The Gospel Lesson: Matthew 8:1-13 (answers are found on the back side)
- What diseases did Jesus heal in the Gospel Lesson?
- How did the people react when new life was given as they requested.?
Those We Remember In Our Prayers: Greg Miller; William & Laurie Moon; Pauline Jaeger; Kirsten Jaster (Laurie Moon’s sister); Greg Pierson (the Long’s son-in-law); Libya, Jodi Milam’s granddaughter; Lucille Huston; Barbara Long; Lois Wiese; Barbara Breide; Lou Schulz.
Song Service January has 5 Sundays.
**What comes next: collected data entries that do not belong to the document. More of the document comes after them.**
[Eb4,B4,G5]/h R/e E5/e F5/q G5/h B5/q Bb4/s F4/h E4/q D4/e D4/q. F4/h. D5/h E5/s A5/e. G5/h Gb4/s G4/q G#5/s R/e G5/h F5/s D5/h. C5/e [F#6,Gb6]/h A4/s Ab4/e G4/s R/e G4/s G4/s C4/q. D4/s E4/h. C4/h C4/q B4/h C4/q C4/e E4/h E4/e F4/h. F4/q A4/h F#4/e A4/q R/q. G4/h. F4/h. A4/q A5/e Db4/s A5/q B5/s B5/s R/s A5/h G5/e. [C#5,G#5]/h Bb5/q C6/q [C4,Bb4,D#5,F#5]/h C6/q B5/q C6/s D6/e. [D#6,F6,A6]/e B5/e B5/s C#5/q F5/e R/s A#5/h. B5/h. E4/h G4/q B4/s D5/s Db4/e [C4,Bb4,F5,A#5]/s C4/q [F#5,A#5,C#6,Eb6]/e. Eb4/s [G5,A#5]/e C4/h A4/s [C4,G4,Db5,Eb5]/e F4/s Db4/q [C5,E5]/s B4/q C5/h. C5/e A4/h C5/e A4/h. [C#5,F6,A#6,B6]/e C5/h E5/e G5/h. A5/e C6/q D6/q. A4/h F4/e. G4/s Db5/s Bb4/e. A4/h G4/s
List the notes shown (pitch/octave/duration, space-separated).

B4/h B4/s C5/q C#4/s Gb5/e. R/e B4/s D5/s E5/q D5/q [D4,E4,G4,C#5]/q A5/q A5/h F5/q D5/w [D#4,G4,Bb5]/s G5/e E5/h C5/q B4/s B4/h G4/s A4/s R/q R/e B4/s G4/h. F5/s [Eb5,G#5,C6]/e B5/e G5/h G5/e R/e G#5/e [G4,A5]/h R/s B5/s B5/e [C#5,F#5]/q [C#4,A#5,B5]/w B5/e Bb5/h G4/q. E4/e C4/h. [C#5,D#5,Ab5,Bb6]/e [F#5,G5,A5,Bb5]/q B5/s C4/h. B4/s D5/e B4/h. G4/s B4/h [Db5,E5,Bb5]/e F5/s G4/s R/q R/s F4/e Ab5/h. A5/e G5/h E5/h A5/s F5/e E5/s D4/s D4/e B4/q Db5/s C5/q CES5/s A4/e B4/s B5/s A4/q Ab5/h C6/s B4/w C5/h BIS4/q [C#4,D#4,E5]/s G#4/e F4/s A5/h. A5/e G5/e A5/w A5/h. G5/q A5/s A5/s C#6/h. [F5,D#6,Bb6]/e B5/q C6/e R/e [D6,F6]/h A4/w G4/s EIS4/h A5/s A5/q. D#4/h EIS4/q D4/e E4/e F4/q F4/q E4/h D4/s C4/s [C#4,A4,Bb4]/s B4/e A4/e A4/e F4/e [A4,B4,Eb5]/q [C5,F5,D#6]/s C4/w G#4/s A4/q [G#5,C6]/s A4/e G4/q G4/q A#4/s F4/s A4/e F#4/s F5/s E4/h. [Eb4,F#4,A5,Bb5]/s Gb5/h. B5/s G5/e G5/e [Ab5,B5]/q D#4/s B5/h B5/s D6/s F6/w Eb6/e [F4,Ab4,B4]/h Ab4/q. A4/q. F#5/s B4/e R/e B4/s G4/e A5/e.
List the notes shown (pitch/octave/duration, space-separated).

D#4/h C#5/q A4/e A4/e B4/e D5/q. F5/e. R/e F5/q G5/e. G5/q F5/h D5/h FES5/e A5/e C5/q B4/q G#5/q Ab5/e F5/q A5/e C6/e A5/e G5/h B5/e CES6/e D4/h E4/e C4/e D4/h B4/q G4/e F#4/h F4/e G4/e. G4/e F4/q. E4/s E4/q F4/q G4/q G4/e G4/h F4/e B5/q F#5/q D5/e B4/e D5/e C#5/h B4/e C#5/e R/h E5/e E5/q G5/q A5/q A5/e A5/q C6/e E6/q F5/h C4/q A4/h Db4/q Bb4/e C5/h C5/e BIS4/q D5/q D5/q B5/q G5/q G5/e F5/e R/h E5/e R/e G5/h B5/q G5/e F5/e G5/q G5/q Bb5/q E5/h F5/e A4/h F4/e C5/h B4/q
That means our service next week is one in which we invite the members to pick some of their favorite hymns for us to sing. In the bulletin today is a sheet of paper on which you may write some favorite hymns. Deposit it in the bin on the credenza in the narthex. We will see how many of your favorites we can sing next Sunday.
Monday-Tuesday, February 6-7 – Pastors’ Winter Study Conference in W. Des Moines, IA
Lent begins February 22. Our Midweek Suppers and Services will be held Thursday evenings.
The Week in Review
Sunday Worship: 33; Communed: 29; Quarterly Meetings 20; Midweek B.C.: 7; Offerings: $2,242.
Next Sunday’s Lessons:
Epiphany 4: Exodus 14:21-31; Romans 13:8-10; Matthew 8:23-27 (Historic Pericope Series)
Answers to Today’s Gospel Lesson Brief Study:
- Jesus physically healed a man with leprosy and servant who was paralyzed. Through the healings He gave “light and life to those living in darkness and in the shadow of death.”
- Matthew does not tell us their reactions. However, we can assume from the humble words of faith that both men spoke, they rejoiced in the great gift of healing the Savior gave in answer to their prayers.